▶ [The problem] Skip the pictures and restate, word for word, the lines from the one containing "Two al pastor" to the end of the data below.
--- Data below ---
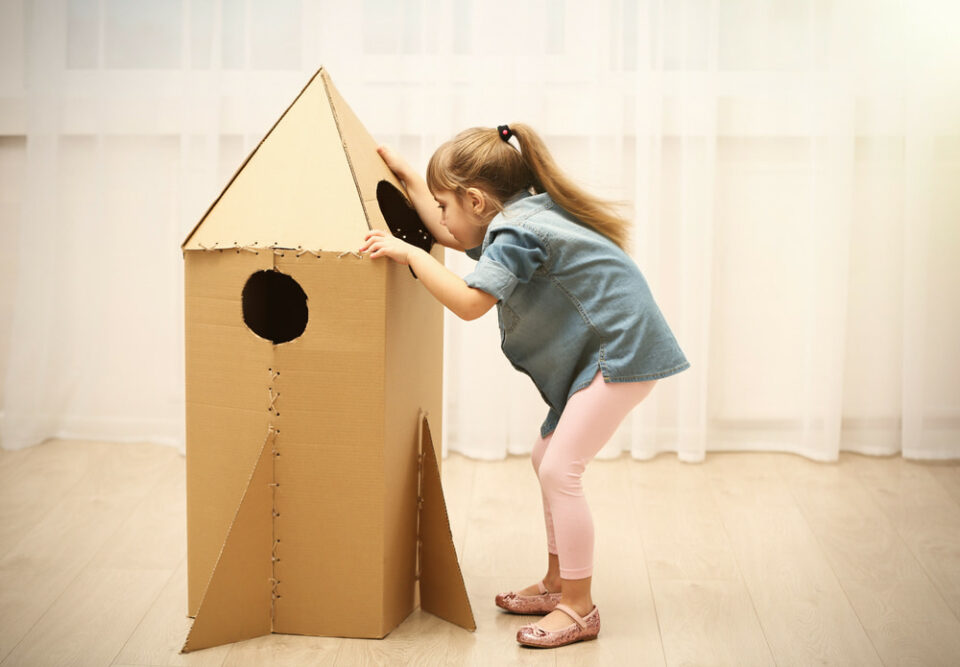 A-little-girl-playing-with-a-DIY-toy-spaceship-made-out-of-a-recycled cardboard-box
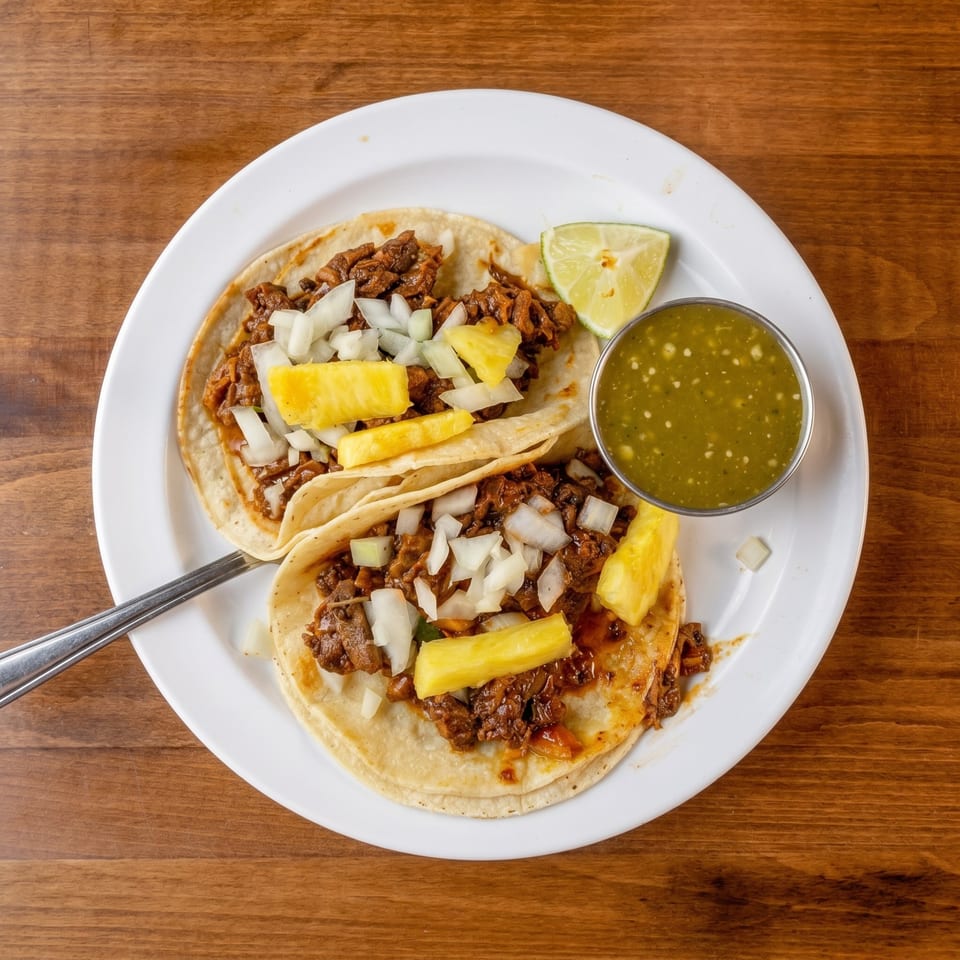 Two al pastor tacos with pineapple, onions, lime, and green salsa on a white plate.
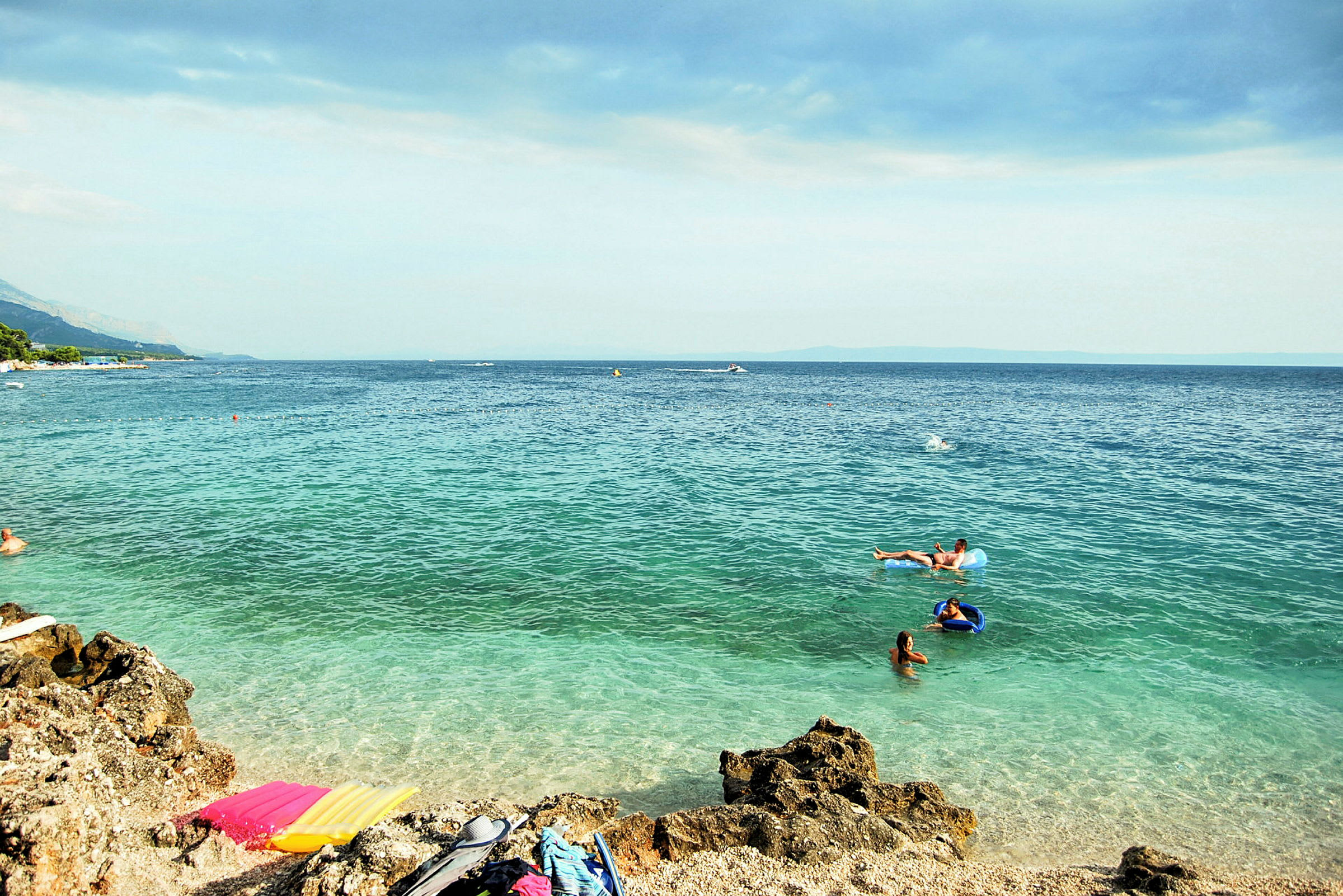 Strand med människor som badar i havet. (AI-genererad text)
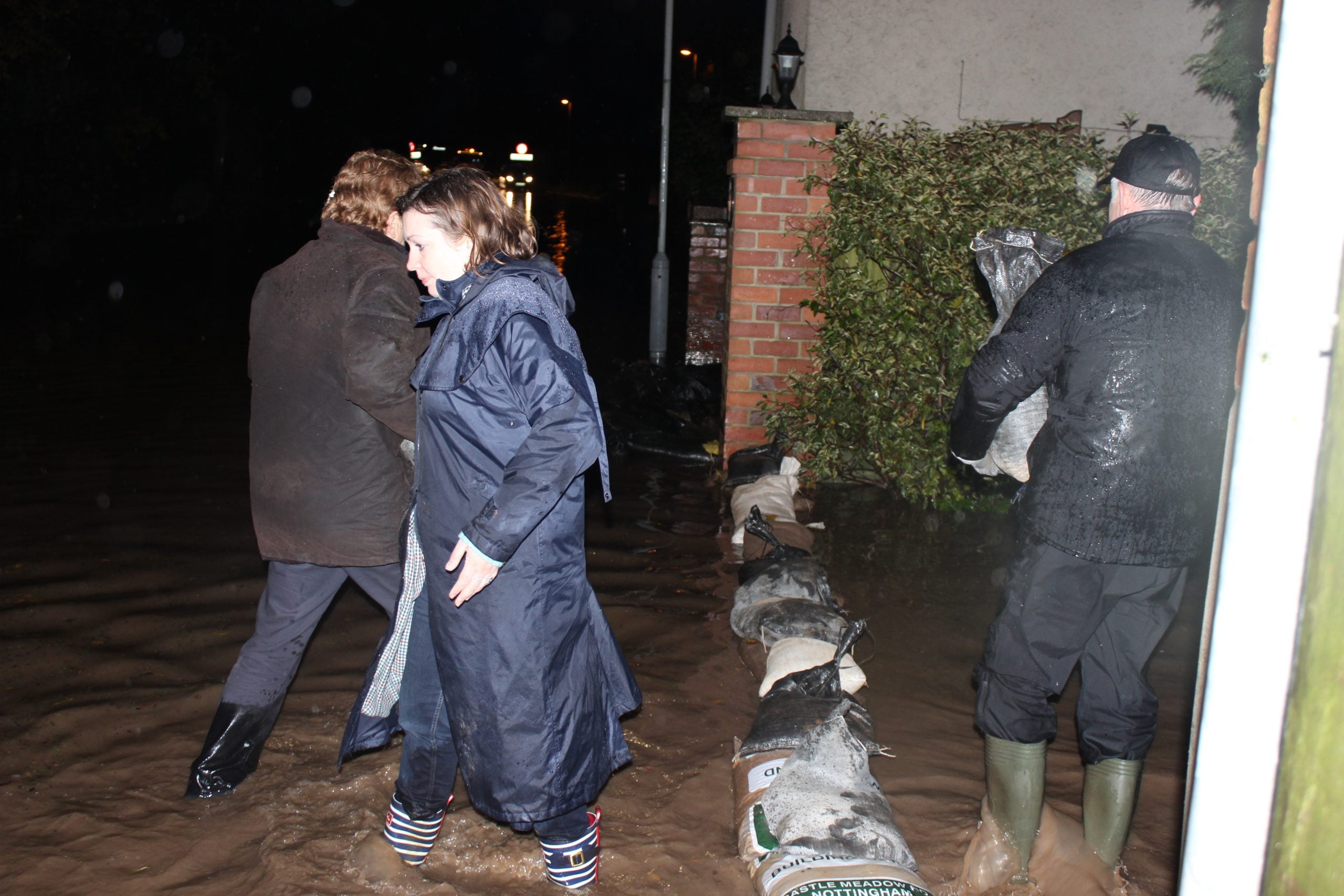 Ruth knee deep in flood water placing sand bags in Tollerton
---
▶ [Finished task]
 Two al pastor tacos with pineapple, onions, lime, and green salsa on a white plate.
 Strand med människor som badar i havet. (AI-genererad text)
 Ruth knee deep in flood water placing sand bags in Tollerton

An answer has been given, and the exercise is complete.